| WORK TO COMPLETE |
Word for word, set down the lines from the one that contains "Casemiro stares at" through the final line of the data; no pictures belong in the copy.

(SOURCE MATERIAL)

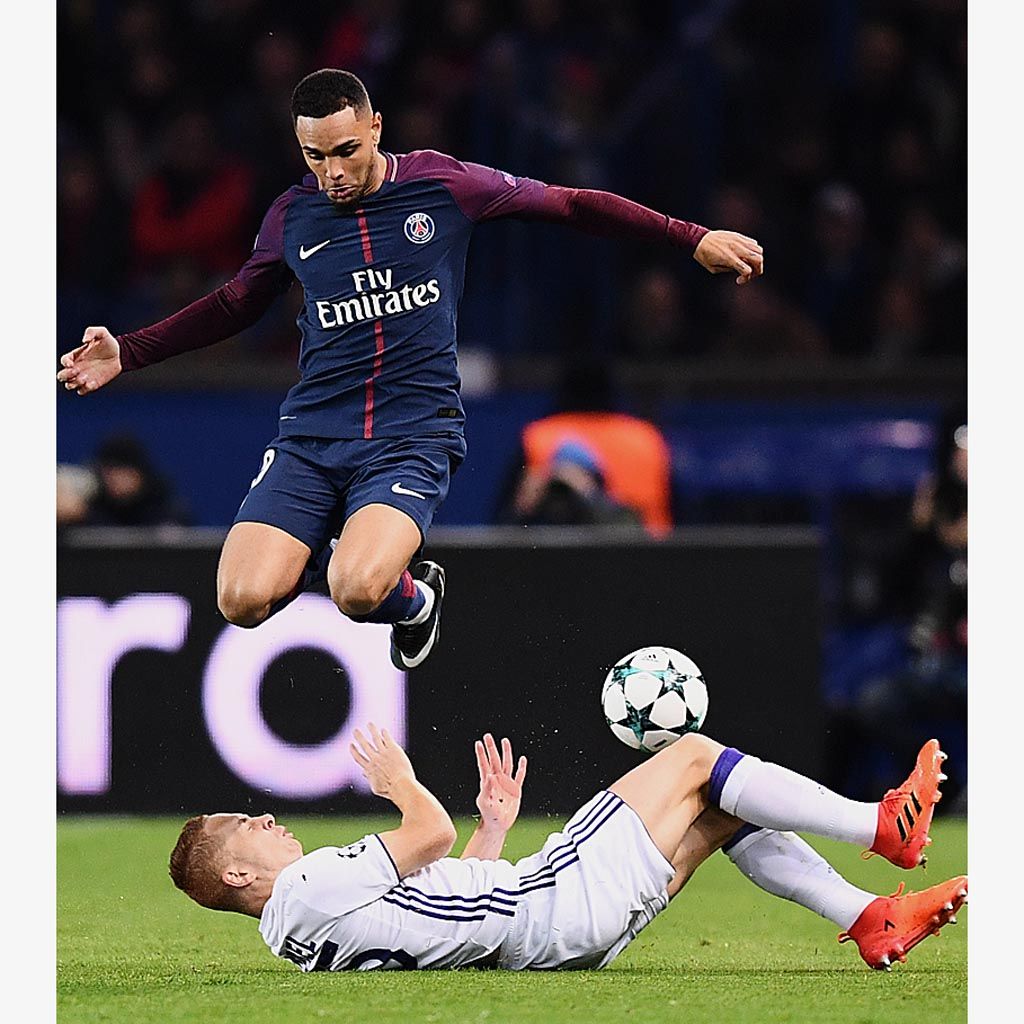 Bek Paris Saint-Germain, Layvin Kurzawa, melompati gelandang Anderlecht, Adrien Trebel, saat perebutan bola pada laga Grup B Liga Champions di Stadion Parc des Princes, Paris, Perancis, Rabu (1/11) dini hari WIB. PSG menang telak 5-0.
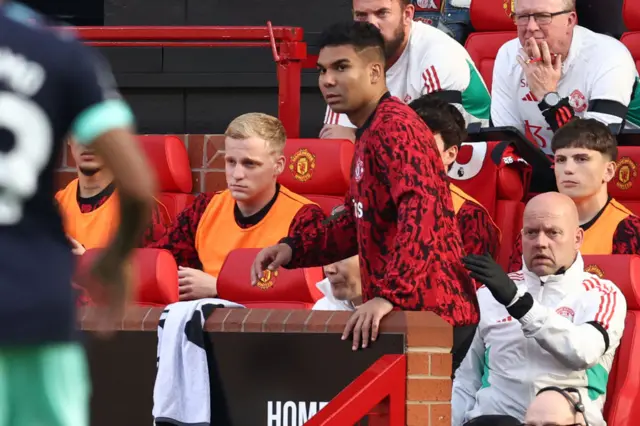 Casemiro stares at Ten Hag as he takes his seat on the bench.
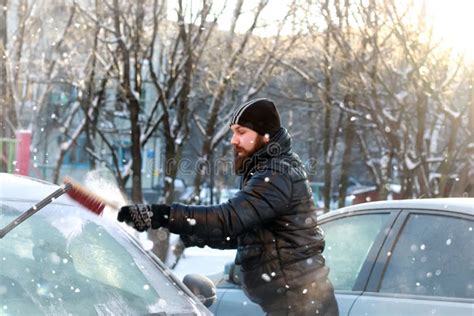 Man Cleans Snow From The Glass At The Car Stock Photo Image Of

(End SOURCE MATERIAL)

| EXERCISE ANSWER |
 Casemiro stares at Ten Hag as he takes his seat on the bench.
 Man Cleans Snow From The Glass At The Car Stock Photo Image Of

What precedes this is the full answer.